Visto che il governo comunista esercita controlli tanto severi sul buddismo tibetano, che non solo violano gravemente la libertà personale dei monaci, ma li tengono in una condizione di paura e di angoscia, alcuni monaci hanno rinunciato del tutto a viaggiare, nella speranza di evitare problemi ulteriori.
Un monaco che risiede nella Prefettura autonoma tibetana di Huangnan ha raccontato al nostro reporter quel che una volta gli è successo. Alla stazione ferroviaria, appena varcato l’ingresso, è stato sottoposto a controlli severi. Il personale, occupato con altri viaggiatori, gli ha intimato di rimanere in disparte. Poi ha dovuto togliersi le scarpe e sottoporsi a perquisizione. Anche il suo zaino è stato controllato, e lo stesso il suo account su WeChat. Sono stati anche verificati i numeri dei suoi contatti telefonici e le loro fotografie. Nessun altro alla stazione ha subito questo trattamento.
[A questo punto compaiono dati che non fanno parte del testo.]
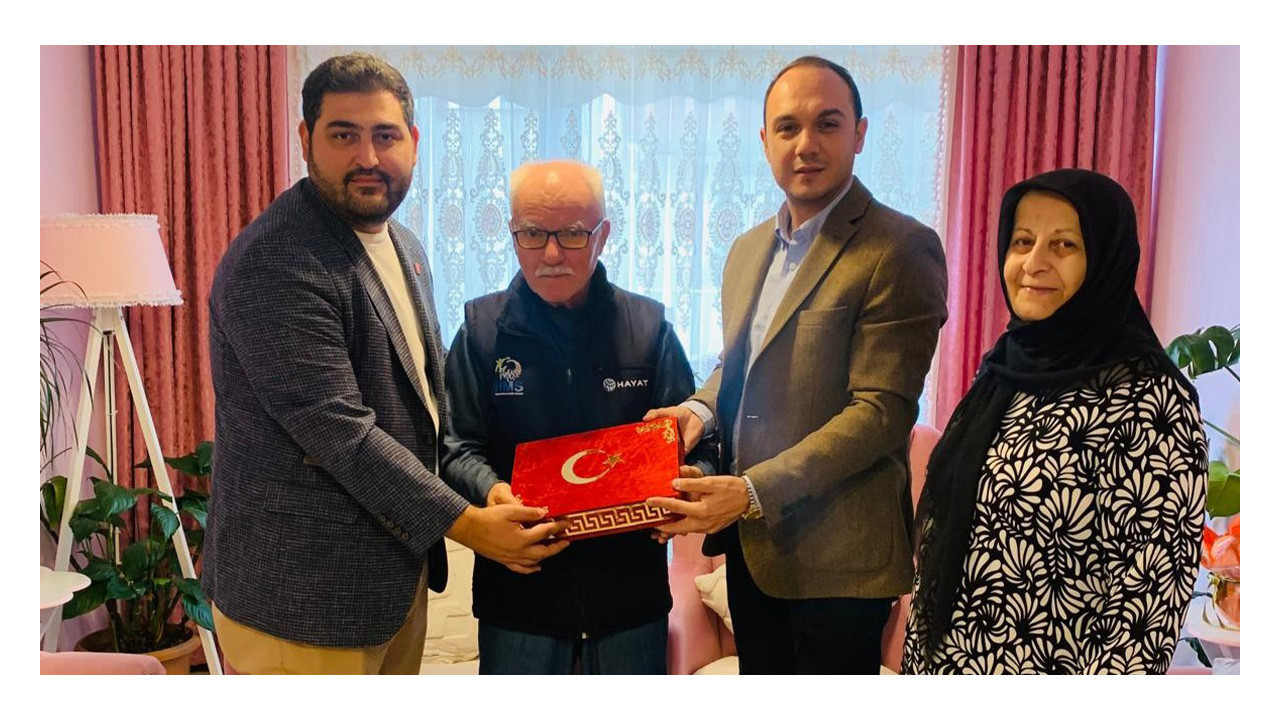 Başiskele’de Kur’an-ı Kerim’li reklam!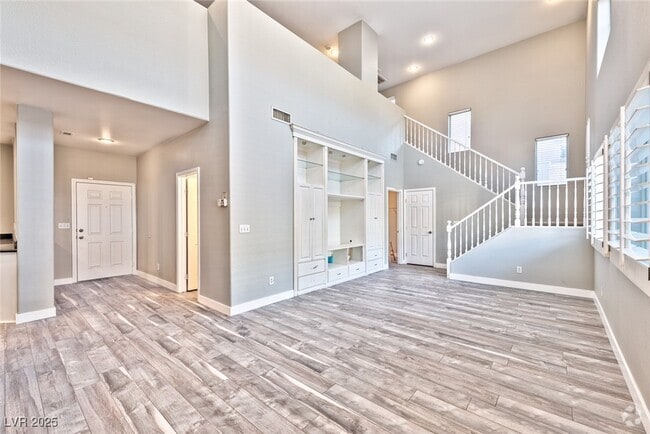 Building Photo - 647 Pacific Cascades Dr Rental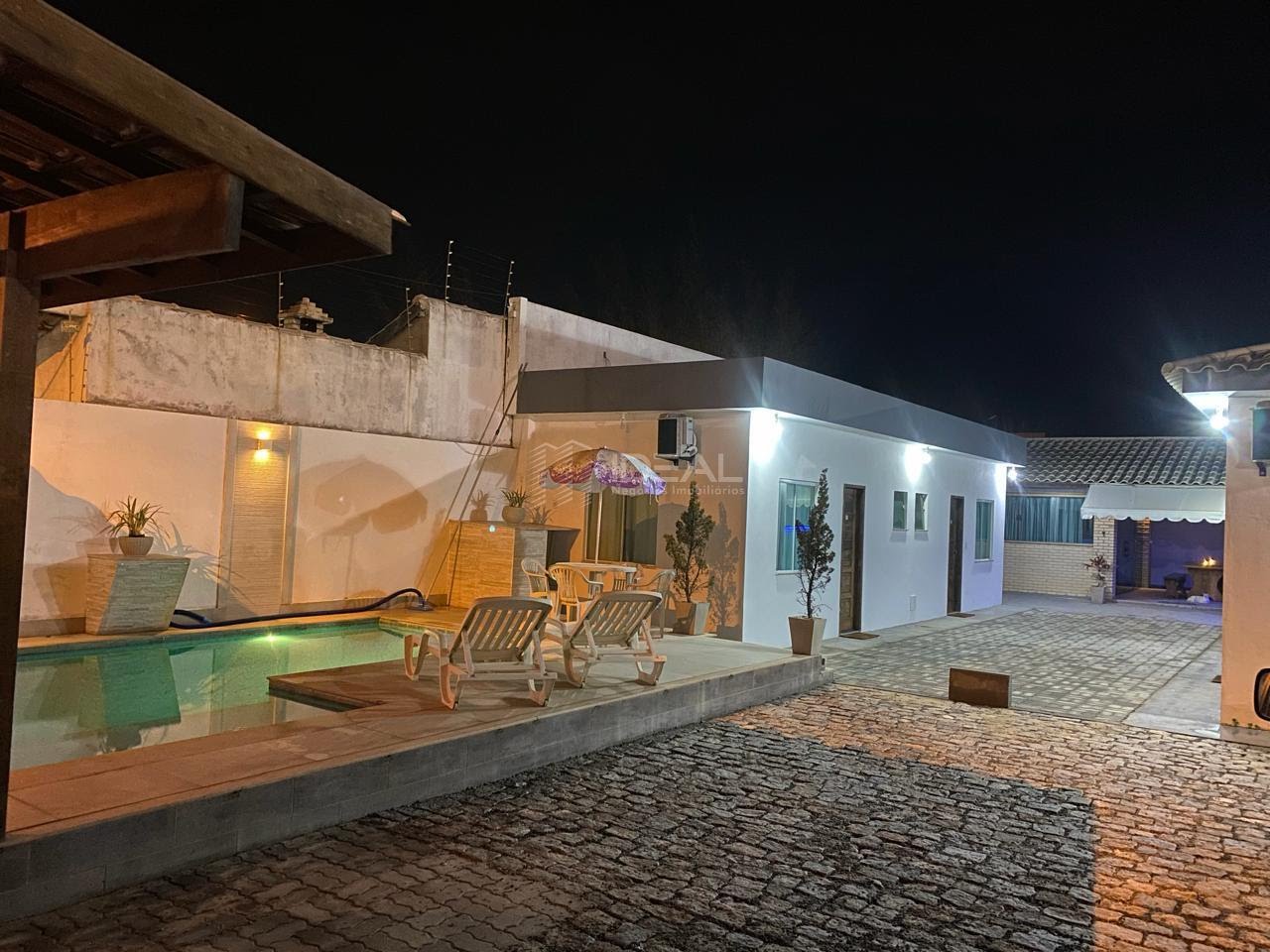 Casa à venda com 4 quartos, 4 suítes, 5 vagas e 250m² no Balneário de Atafona, São João da Barra (RJ) — foto 28 de 30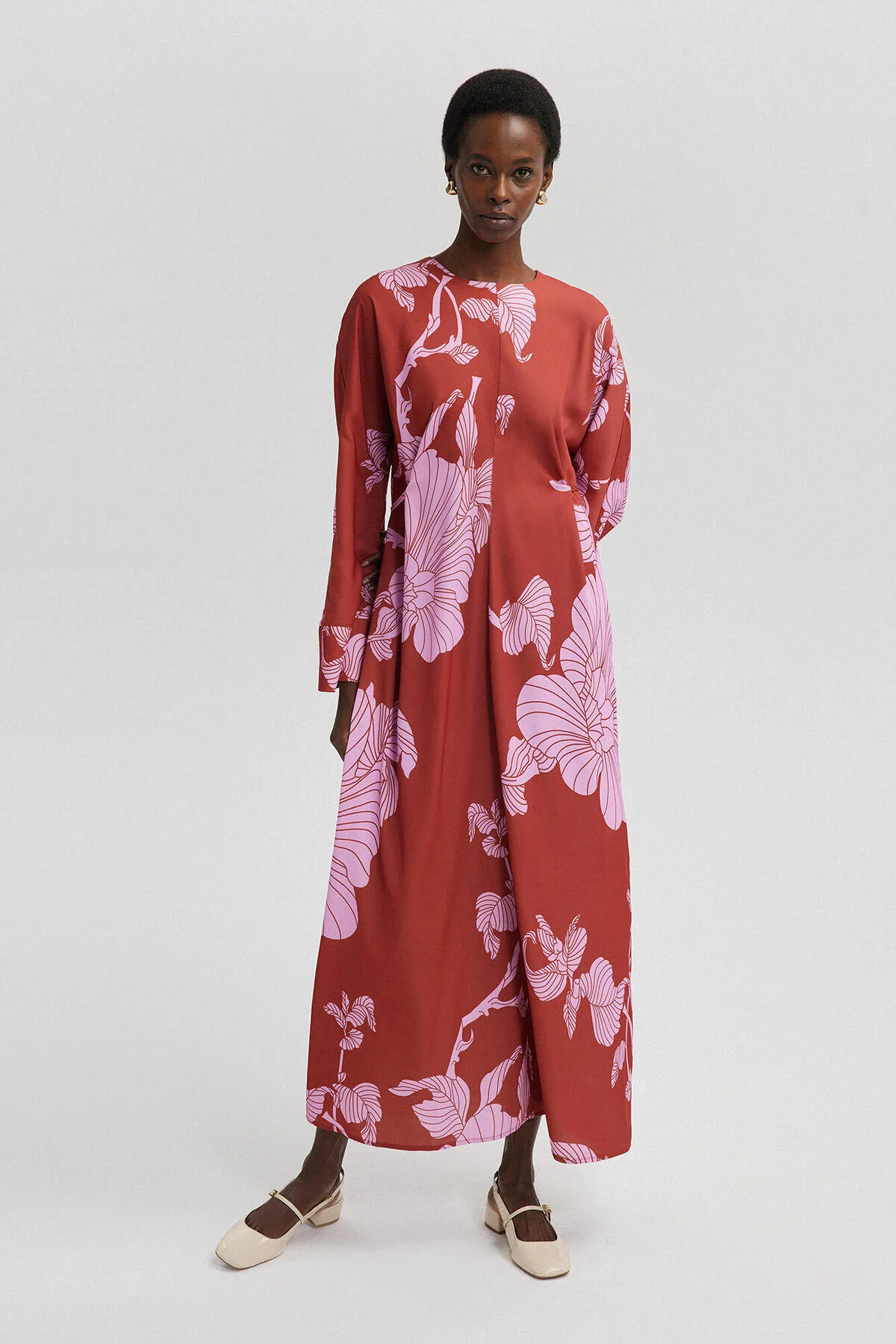 Touché Privé  KLEID AUS SATIN MIT GÜRTEL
Accanto a lui, un altro tibetano ha detto: «Il controllo del governo sui monaci tibetani diventa ogni anno più rigido».
Il diritto di muoversi liberamente senza controllo è un diritto umano inalienabile, uno dei tanti diritti che il PCC nega ai tibetani, i quali vivono costantemente nel timore che, se non vengono condivise con altri monaci e con altre persone della regione, le loro tradizioni religiose si estinguano. Del resto, è questo il vero obiettivo del PCC.